Both sides of the phone use Gorilla Glass Victus 2 glass, which promises extra drop resistance over previous efforts. That reportedly includes a 1m drop directly onto concrete, although we decided not to tempt fate with our review sample. It certainly stayed free from scrapes and microscratches throughout testing.
With its 6.6in display, the S23+ feels substantially larger in the hand than the regular S23. That phone is positively diddy compared to the rest of the Android world, which has largely embraced big screens across the board. We found it much easier to type here without tripping over our digits, so it should be the obvious choice for barrel-fisted Samsung fans. The slightly curvy metal frame is still perfectly palm-friendly, being thick enough to provide plenty of grip but not so portly it’ll feel uncomfortable in a trouser pocket. We also found the rounded corners and a taller, thinner aspect ratio made it more comfortable to hold than the equivalent iPhone 14.

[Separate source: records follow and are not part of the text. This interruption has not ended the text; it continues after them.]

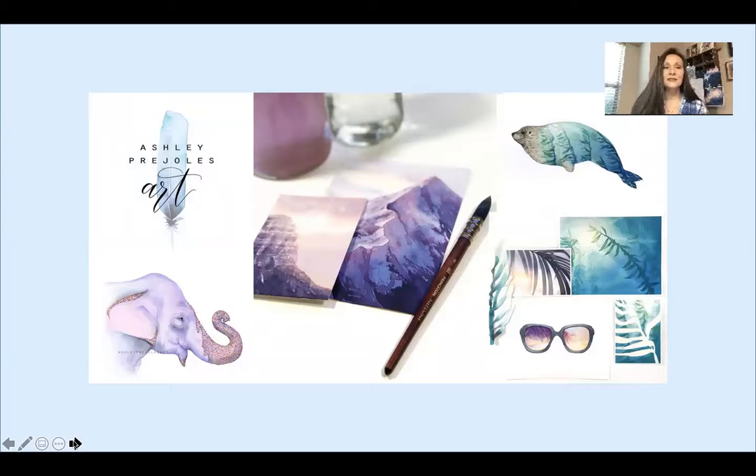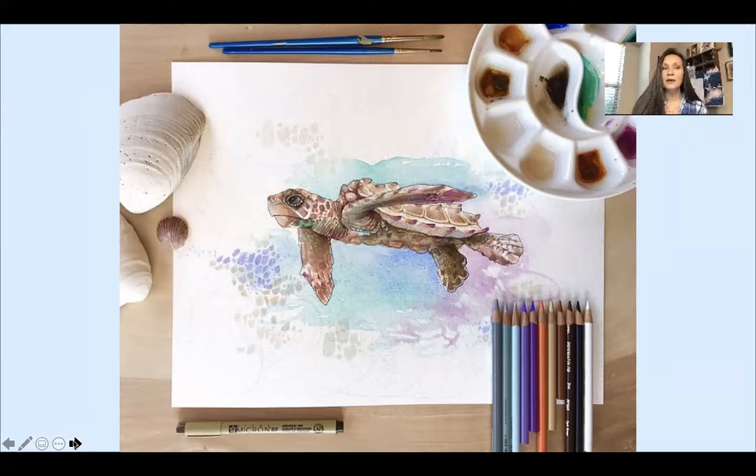Ashley discovered watercolor by accident. She was actually looking for a better way to brighten the backgrounds of her colored pencil drawings and happened into watercolor. She incorporated watercolor as a base layer for her work, and over time each painting became more and more layered with watercolor and colored pencils — until the colored pencils became just the cherry on top, and her work mostly became watercolor after that.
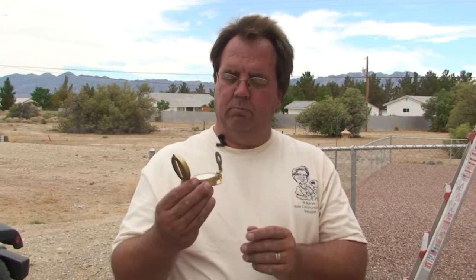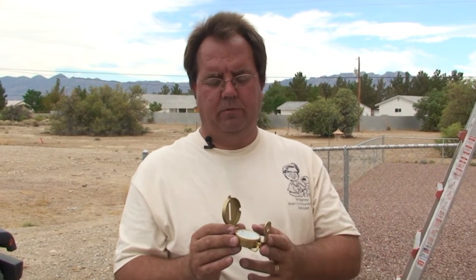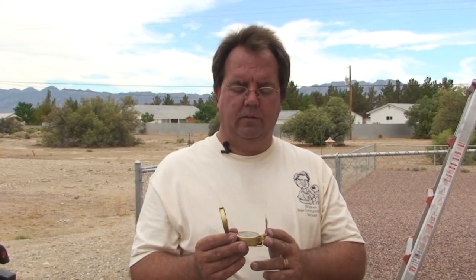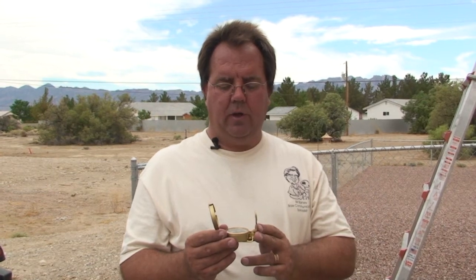The compass is paramount when pointing the dish. The compass gives you the actual azimuth heading for the dish point itself. You can buy compasses fairly inexpensive. This is a liquid filled compass — it runs about $20 in most shops. Out here in Nevada, our dish line is almost due south, actually a little on the east side of south, but pretty close to due south.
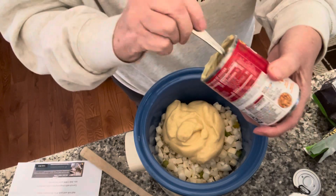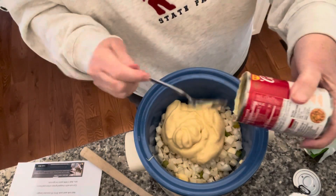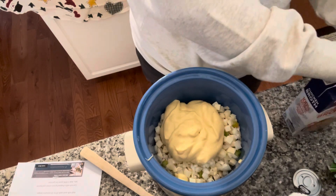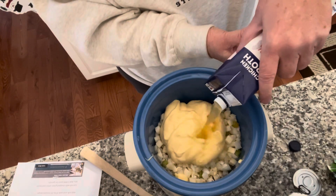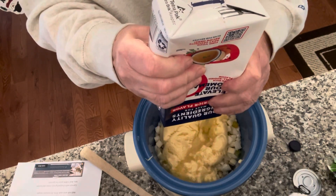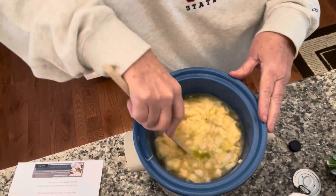Next we add our cream of chicken soup. The recipe only calls for 28 ounces of chicken broth, but I'm going to use the whole 32 — I'm not going to save just a couple of ounces. Then pour the chicken broth in.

Top marks to Samsung for using more recycled materials in its phones this year, too. The power and volume buttons apparently are made from recycled fishing nets, but you wouldn’t know it – they feel just a premium as the rest of the phone. They’re a little further up the right side of the phone this year, however. Smaller hands might have stretch to reach them.
Screen & sound: bigger and brighter
Samsung can usually be relied on to deliver some stunning quality smartphone screens, and the S23+ is no different, although on the surface little seems to have changed from last year. It has the same 2340×1080 resolution as the outgoing S22+, stretched across the same 6.6in. That means a slightly lower pixel density than the S23, but everything still looks pin-sharp at arm’s length.
You still get a 120Hz variable refresh rate, which helps deliver gloriously smooth scrolling without also thrashing the battery when displaying a static image. Even apps that usually don’t like adaptive refresh modes looked flawless here. The flat glass doesn’t have any of the reflectivity issues found on phones with curved edge screens, either, so viewing angles are superb.
The biggest change is to brightness, with the panel now able to max out at a retina-blasting 1750nits peak. That’s on par with the pricier S23 Ultra, and a big step up from last year’s 1300 nit maximum. It makes all the difference outdoors, making it easy to see what’s onscreen even in bright sunlight. It gives HDR video impressive depth, too.
Colours in general are delightfully vibrant, without oversaturating things too much, and contrast is suitably epic. There’s a decent amount of customisation on offer if you prefer a more vivid appearance.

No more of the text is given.